Reading today's OECD statement

Considerable caution is needed when dealing with both economic forecasts and media reporting. When the two are combined, it becomes positively hazardous as with today’s OECD statement on the impact of Brexit. Read the Independent and you learn that “OECD halves growth forecast due to EU Referendum vote”, but the Guardian’s pro-Brexit economics editor Larry Elliot reports that the OECD has “backtracked on its warning that the UK would suffer instant damage” from the vote. The pro-Brexit Telegraph takes the same line, but headlines it under the rather cautious formulation “Brexit not as bad as feared”. Of course, all three reports are in some sense true. The first report highlights the OECD cutting its prediction of UK growth in 2017 from 2% to 1%; the second and third increasing its prediction of UK growth for 2016 from 1.7% to 1.8%.

In any case, there isn’t any point at all in trying to read the economic effects of Brexit yet. Brexiters are keen to insist that what they call ‘Project Fear’ has been discredited because there has been no immediate recession as predicted by, especially, the Treasury. However that is meaningless because all of those predictions were predicated on the understanding that Article 50 would be triggered immediately after a vote to leave, as the then Prime Minister had said would be the case. The Treasury report on the immediate impact of a leave vote is explicit in stating this (paragraph 1.6 on p.12 and paragraph 1. 38 on p.24 of the link).

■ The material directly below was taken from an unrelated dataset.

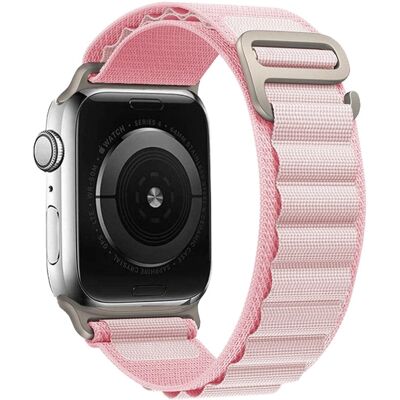 KALEBOL Apple Watch Series 41mm - 40mm - 38mm Universal Watch Strap Nylon Loop Band - Pinkki + Vaalea Pinkki KALEBOL Apple Watch Series 41mm - 40mm - 38mm Universal Watch Strap Nylon Loop Band - Pinkki + Vaalea Pinkki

This didn’t happen – one of the few sensible decisions that Cameron made in this whole saga – and as a result the situation is in limbo. That doesn’t justify any celebration from Brexiters, as there are plenty of negative impacts already and not a single indicator that has shown a positive reaction to Brexit (the fall in sterling may be a positive for exporters, but it wasn’t a positive reaction to Brexit, and of course any positive for exporters is a negative for importers). If they were right about the new opportunities opened up by leaving, you might expect just one such reaction and if the best that can be said is ‘not so bad as feared’ it is hardly a ringing endorsement! Moreover, within that limbo, at least part of the reason why the economy has held up has been the very strong monetary intervention of the Bank of England - for which savers and future pensioners will pay a heavy price. 

The short-term predictions cannot therefore be evaluated until Article 50 is triggered, and crucial to the reactions to that will be whether by then it is clear that the government will seek soft Brexit and that the EU are likely to agree to that. If that is not the case (or even if, before Article 50, it becomes clear that it will not be the case) then we will see immediate and negative economic effects. Even so, it will be a long time before the full economic consequences of whatever version of Brexit emerges will be known.

The economic consequences of Brexit are anyway only part of what matters. Less easily quantifiable, and already starting, are the political and what might be called reputational effects. The status of Britain in the world, and its influence in shaping key debates and policies has undoubtedly been diminished. The former US Secretary of State Dean Acheson famously said in 1962 that “Great Britain has lost an empire and has not yet found a role”. In recent years that role had become that of the fulcrum between the US and the EU, and the peaceful post-communist transformation of eastern Europe was perhaps its greatest achievement. Whatever form Brexit takes in terms of trade arrangements that political role has now disappeared for good.